_RECORDS TO USE_.
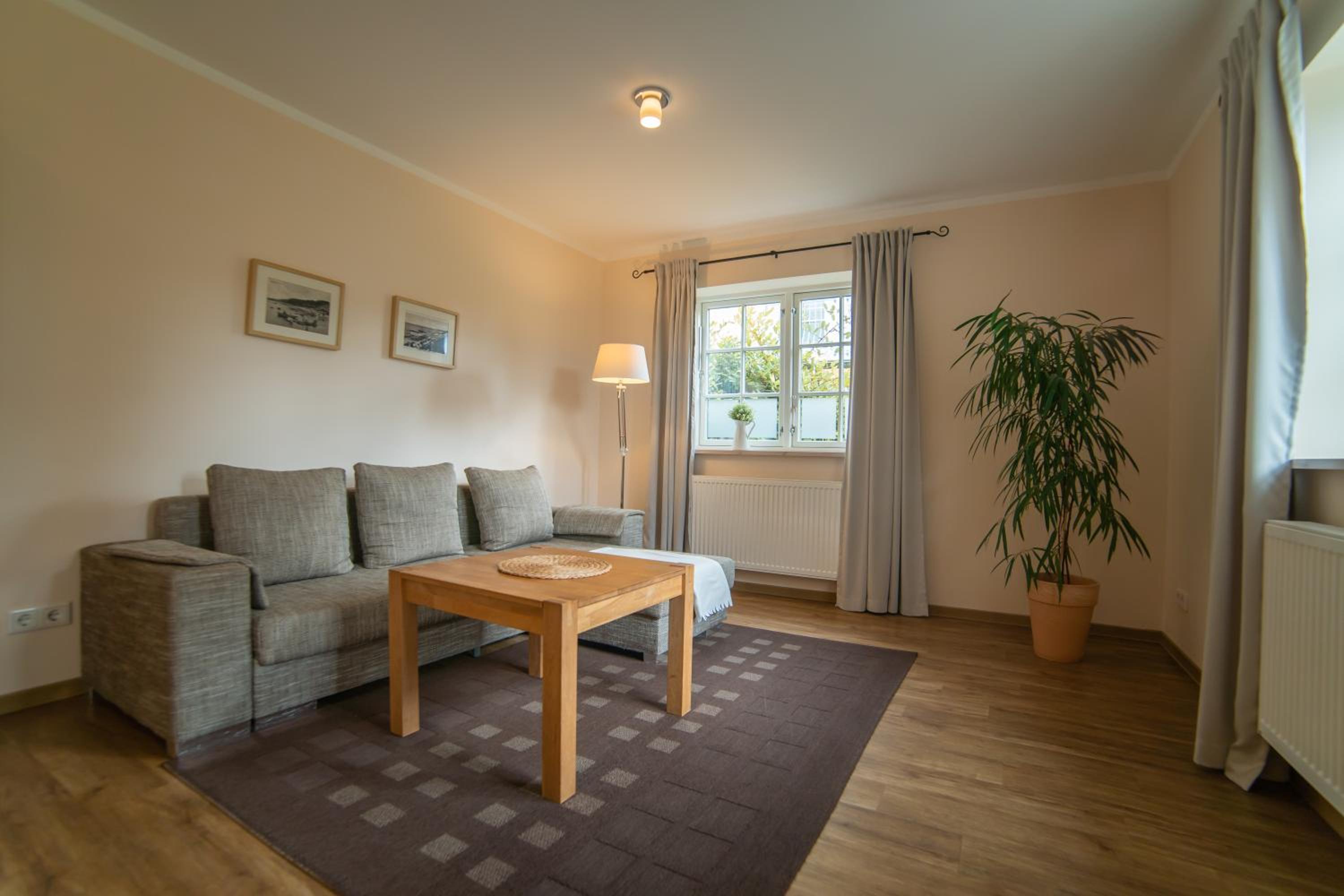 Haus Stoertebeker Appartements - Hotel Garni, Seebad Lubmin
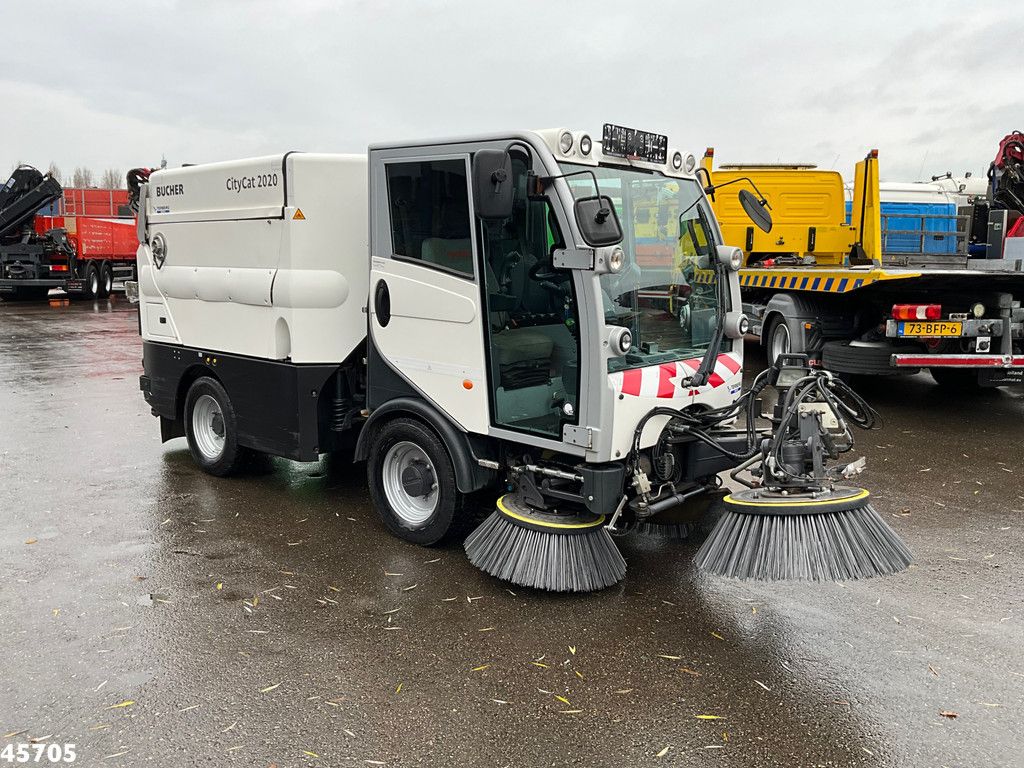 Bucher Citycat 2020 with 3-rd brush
==
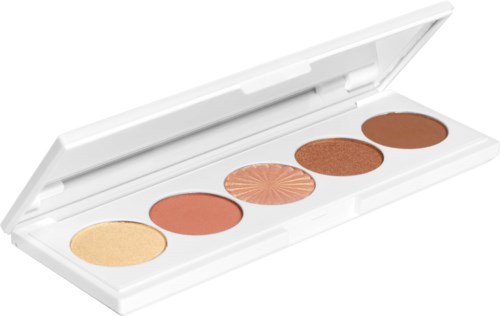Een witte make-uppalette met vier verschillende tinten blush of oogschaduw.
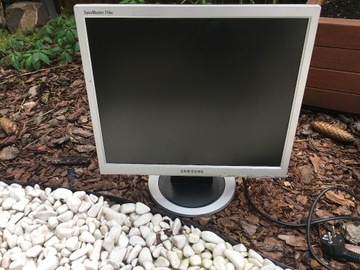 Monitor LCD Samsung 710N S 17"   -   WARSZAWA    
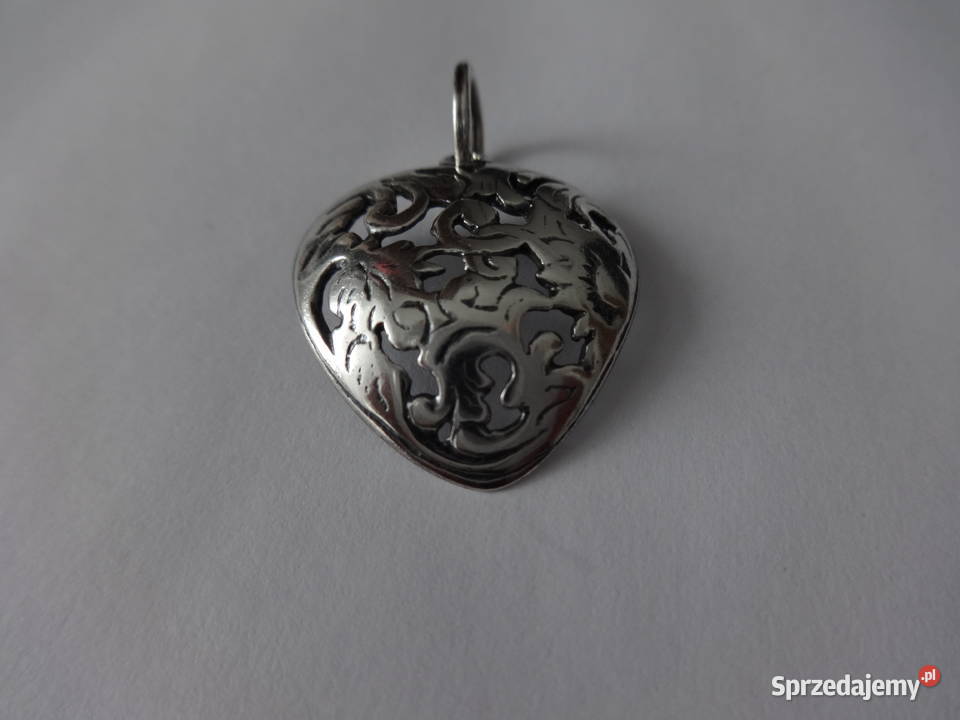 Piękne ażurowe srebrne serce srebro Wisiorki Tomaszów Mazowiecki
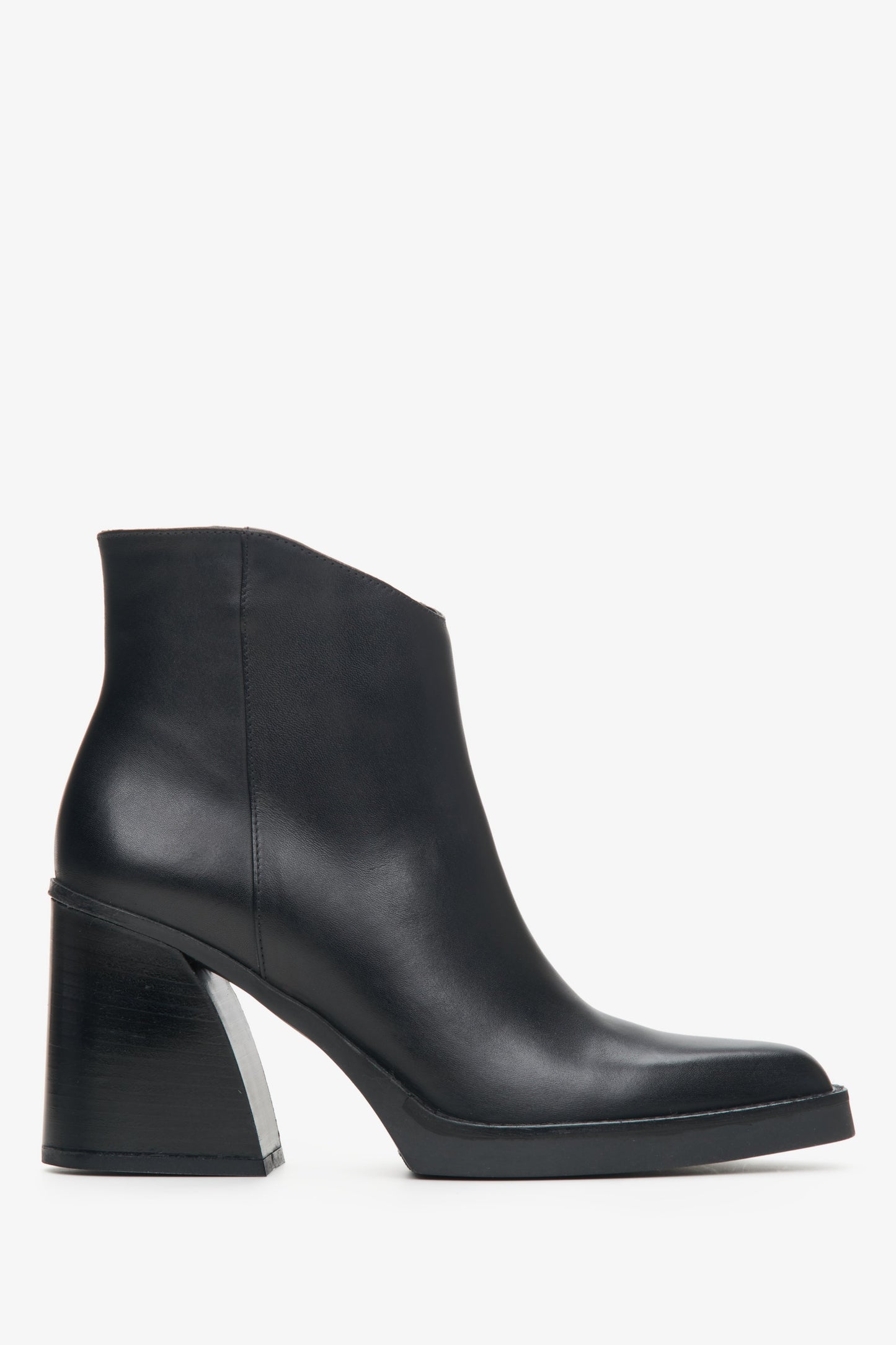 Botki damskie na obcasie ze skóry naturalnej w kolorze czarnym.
...
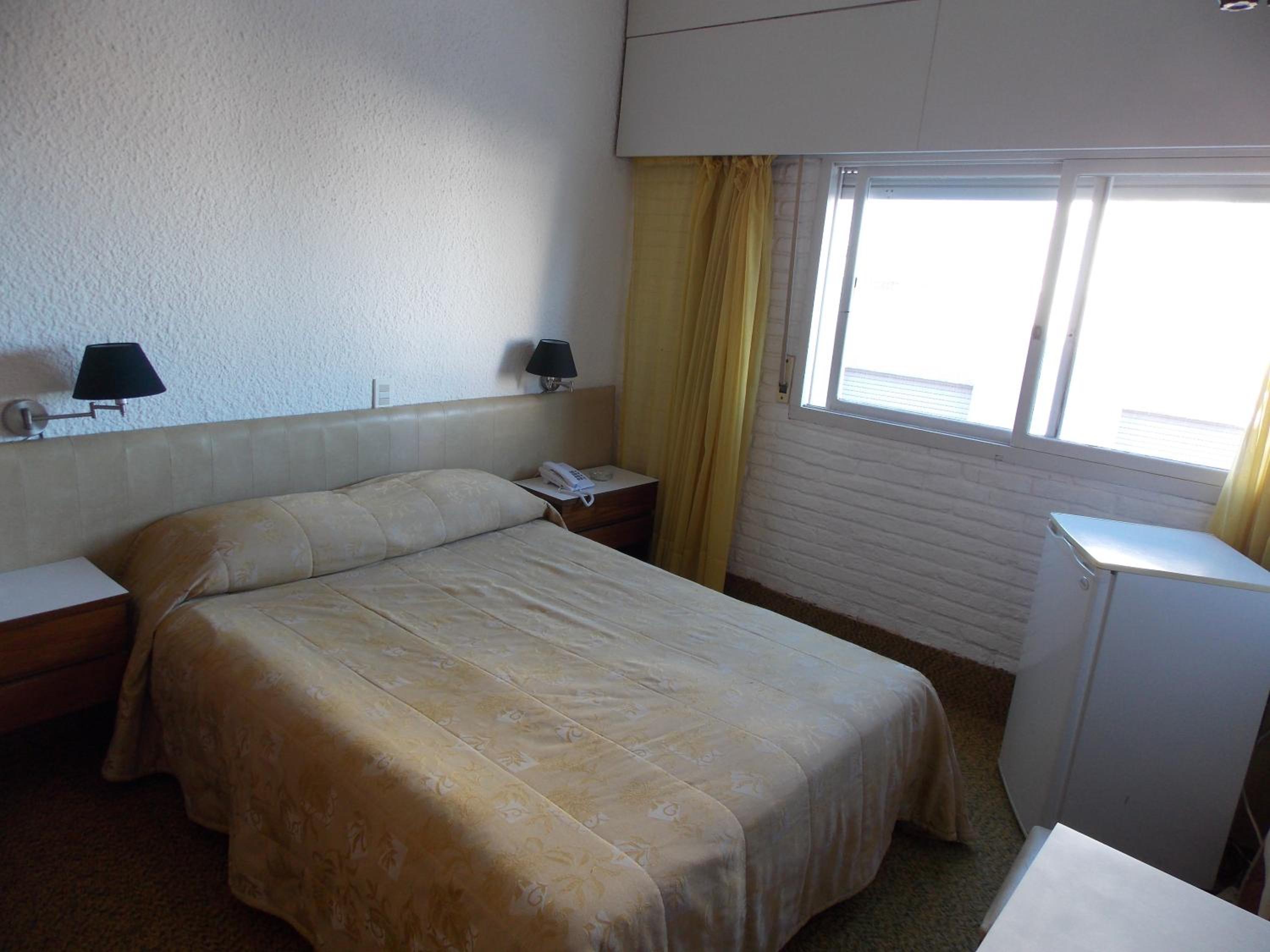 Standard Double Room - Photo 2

_EXERCISE DESCRIPTION_. Would you copy out, exactly and with no pictures, only the lines above from the one that contains "Monitor LCD Samsung" through the one that contains "Botki damskie na"?

_EXPECTED OUTPUT_.
 Monitor LCD Samsung 710N S 17"   -   WARSZAWA    
 Piękne ażurowe srebrne serce srebro Wisiorki Tomaszów Mazowiecki
 Botki damskie na obcasie ze skóry naturalnej w kolorze czarnym.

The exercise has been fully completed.